Amyotrophic Lateral Sclerosis, commonly called known either ALS or Lou Gehrig’s Disease, is a neurological issue where the brain gradually loses control over muscles.
Recently, researchers from the association discovered the very rare NEK1 gene which is only associated with 3% of ALS cases. The gene bears significant importance amid the other frequent genes that are associated with having ALS.
According to wfaa Hereditary ALS conditions make up approximately 10 percent of all ALS known cases, and experts believe that additional genes have a hand as well. Indicating that the gene exists in both forms of the condition; greatly excites experts to focus on new tactics when considering medications to develop.
It sure was something to watch all those videos that went around of people being drenched in cold water. And if you don’t remember- the ice bucket challenge was a major happening in summer 2014 where just about everybody had a bucket of ice water poured on their heads to collect donations followed by giving a shout out to someone else to take the challenge.
It’s a good thing the cause was so important- to get the message about ALS out to so many more people. As it happens, the challenge funded not one, not two, not three, not even just four- but six research projects!
Except that that money wasn’t a guarantee in 2014, since plenty of people wrote off the viral sensation as just a stunning act, yet it produced over 200$ million which went into new studies of the disease its cure, chiefly the discovery of the gene NEK1.

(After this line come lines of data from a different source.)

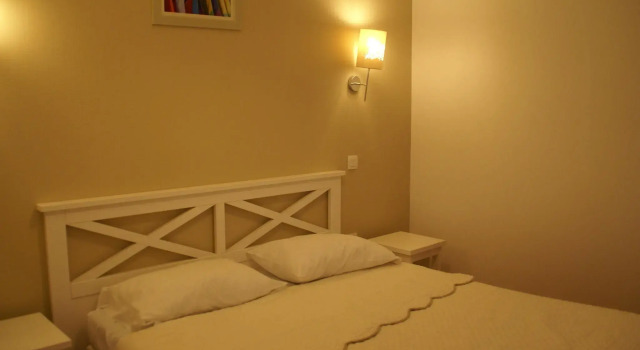 Seaside Apartment Stay, Rezerwuj Apartament Guidel-Plages 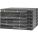 HPE Aruba JL430A#ABA Data Networking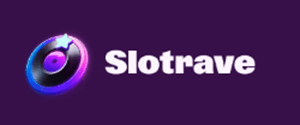 Slotrave sport
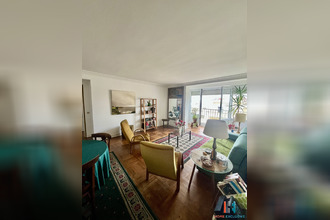 achat appartement biarritz 64200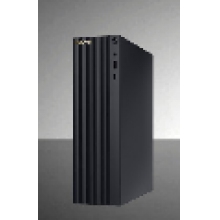 華為MateStation B520臺(tái)式機(jī) i5-10400/8G/256G SSD+1T HHD/無(wú)光驅(qū)/2G獨(dú)顯 主機(jī)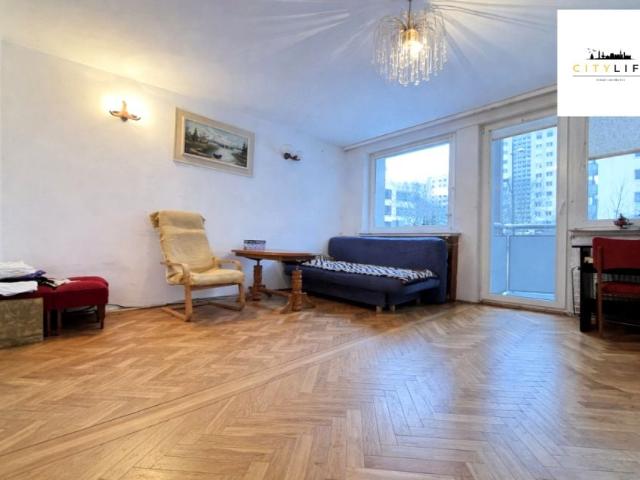 Mieszkanie na sprzedaż w Sopot, Pomorskie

The main examination of NEK1’s function in ALS was released in Nature Genetics, reported that the elegance of the gene investigation came when Project MinE was able to order the genomes of more than 10,000 sufferers of the disease involving over 80 researchers from 11 countries.
While more than 17 million drenched themselves in the viral ice bucket challenge and shared the videos on social media, an overwhelming 440 million people merely watched.

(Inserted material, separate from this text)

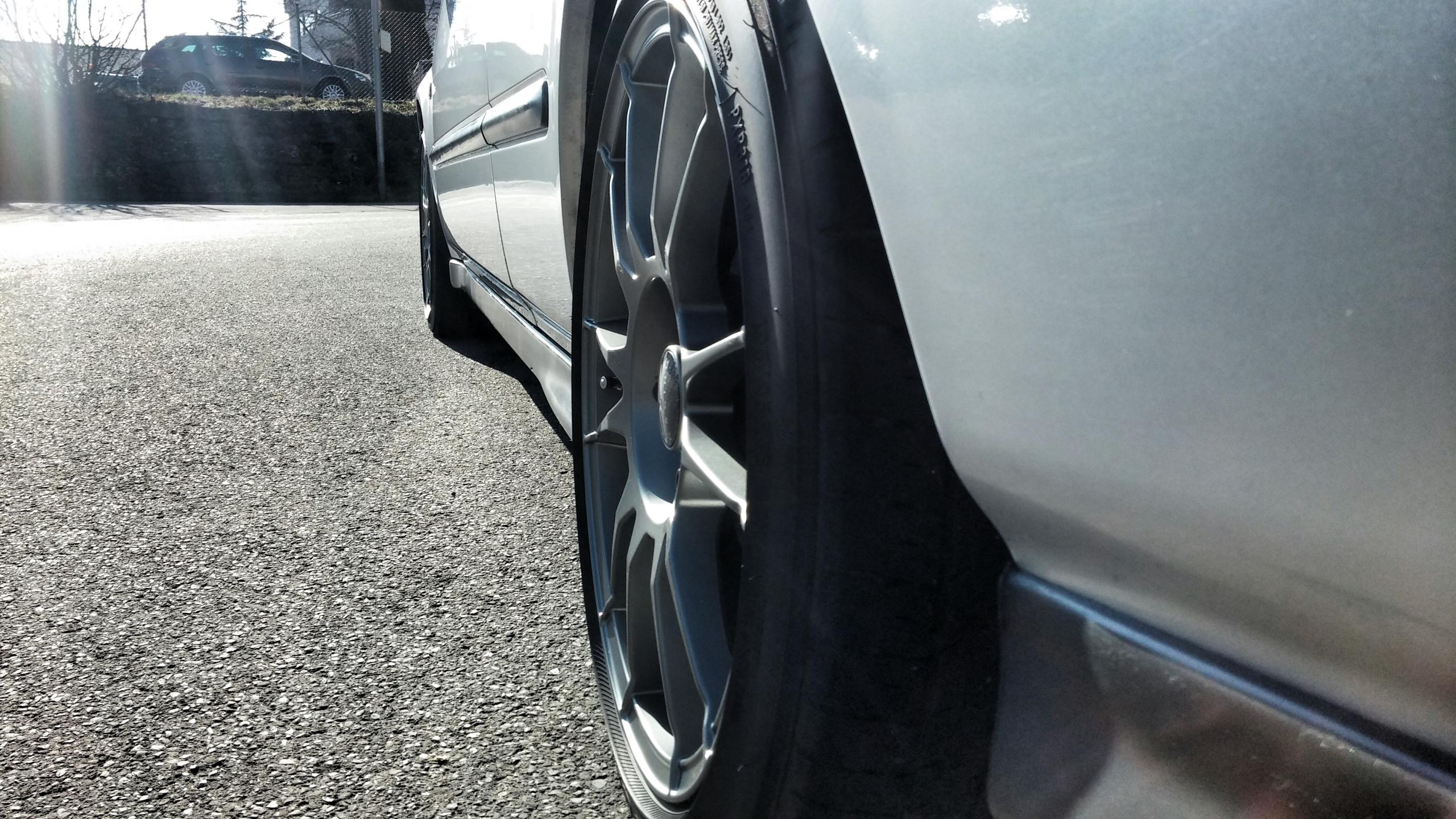 20150309_151035_1.jpg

And those who had written the campaign off called it a kind of slacktivism, to their credit most of the frenzy looked good on the internet but don’t make good where it counts, you probably forgot about the warlord Joseph Kony, before the Ice Bucket Challenge he was the focus of another viral sensation to “Make Kony Famous” whereby his fame would take him into legal custody.

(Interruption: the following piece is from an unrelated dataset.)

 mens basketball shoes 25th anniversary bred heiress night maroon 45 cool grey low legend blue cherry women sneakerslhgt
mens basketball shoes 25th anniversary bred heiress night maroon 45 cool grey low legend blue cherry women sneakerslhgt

Moreover, of the 17 million that had the ice poured on them while 440 million watched, everyone who merely watched didn’t contribute to the ALS research. Furthermore, many of those who did get the ice dumped on them failed to mention the cause at all. Instead, ALS kind of took a backseat to just another fun thing that everybody else is doing. Some sufferers of the disorder even felt offended that their ailment was being used in such a way.
It’s great that the internet is capable of improving, rather than just sucking the life out of, our lives.